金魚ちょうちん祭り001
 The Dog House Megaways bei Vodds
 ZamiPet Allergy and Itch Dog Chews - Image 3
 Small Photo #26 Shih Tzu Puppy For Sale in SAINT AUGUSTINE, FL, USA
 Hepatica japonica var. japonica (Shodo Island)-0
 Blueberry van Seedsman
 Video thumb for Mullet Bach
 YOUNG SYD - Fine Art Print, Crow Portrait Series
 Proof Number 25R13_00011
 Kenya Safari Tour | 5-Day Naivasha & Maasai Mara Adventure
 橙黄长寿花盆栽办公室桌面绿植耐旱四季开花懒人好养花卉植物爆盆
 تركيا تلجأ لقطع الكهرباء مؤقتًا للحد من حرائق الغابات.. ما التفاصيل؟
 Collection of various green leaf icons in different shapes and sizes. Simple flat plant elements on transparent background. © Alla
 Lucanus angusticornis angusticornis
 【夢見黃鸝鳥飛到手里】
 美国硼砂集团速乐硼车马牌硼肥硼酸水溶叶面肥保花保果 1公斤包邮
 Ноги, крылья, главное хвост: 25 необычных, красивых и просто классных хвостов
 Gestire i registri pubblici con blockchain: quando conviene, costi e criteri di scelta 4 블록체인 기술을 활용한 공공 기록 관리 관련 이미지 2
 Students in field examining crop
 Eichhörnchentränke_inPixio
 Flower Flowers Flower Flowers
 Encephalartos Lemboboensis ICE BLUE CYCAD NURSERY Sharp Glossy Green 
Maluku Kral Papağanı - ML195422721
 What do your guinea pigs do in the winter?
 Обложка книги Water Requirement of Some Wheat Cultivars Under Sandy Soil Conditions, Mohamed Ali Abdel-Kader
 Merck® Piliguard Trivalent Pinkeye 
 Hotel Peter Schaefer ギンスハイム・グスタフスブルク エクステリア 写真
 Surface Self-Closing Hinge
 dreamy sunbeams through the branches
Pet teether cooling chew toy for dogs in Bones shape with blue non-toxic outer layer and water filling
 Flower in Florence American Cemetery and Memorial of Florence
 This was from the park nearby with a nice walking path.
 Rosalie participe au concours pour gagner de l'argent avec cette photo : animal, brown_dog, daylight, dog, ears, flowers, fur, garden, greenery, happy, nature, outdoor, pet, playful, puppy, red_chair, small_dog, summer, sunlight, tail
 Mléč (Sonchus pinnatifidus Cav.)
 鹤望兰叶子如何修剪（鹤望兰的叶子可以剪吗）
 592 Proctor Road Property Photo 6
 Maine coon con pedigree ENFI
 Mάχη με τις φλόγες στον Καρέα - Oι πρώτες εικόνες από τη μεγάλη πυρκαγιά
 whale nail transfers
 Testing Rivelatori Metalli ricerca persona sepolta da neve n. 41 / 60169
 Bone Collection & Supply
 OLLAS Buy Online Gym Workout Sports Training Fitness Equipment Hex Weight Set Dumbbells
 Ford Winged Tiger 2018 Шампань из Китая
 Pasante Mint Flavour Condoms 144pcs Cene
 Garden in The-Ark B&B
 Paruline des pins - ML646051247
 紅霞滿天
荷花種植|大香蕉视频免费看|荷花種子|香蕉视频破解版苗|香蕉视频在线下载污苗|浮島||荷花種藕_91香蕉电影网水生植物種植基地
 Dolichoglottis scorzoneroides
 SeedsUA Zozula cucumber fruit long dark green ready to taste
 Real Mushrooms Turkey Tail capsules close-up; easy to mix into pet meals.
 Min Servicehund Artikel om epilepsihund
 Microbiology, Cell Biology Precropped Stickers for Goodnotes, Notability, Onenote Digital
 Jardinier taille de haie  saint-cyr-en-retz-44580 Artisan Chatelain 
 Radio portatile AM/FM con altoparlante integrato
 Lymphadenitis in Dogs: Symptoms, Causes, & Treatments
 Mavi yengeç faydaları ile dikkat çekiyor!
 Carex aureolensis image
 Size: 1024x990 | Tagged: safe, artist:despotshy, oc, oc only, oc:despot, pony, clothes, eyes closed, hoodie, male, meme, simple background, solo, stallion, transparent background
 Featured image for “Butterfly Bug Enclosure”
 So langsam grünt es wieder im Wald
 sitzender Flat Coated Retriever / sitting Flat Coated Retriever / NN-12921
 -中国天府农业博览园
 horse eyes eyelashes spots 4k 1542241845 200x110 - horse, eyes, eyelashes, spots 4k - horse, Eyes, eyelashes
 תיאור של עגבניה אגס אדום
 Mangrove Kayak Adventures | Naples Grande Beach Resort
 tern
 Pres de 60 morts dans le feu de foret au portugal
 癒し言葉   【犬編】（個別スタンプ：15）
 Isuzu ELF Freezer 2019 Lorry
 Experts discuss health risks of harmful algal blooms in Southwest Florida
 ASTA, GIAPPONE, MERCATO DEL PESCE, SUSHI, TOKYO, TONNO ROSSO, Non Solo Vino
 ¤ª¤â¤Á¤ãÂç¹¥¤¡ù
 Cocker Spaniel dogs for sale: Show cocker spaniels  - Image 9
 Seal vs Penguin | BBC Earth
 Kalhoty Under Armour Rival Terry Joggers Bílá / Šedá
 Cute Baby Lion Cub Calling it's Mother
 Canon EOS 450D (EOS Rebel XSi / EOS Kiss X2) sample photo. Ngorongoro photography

» **Required action**: What is the number of lines in the records that hold the word "transparent"? Answer with that number only.

» **Task result**: 2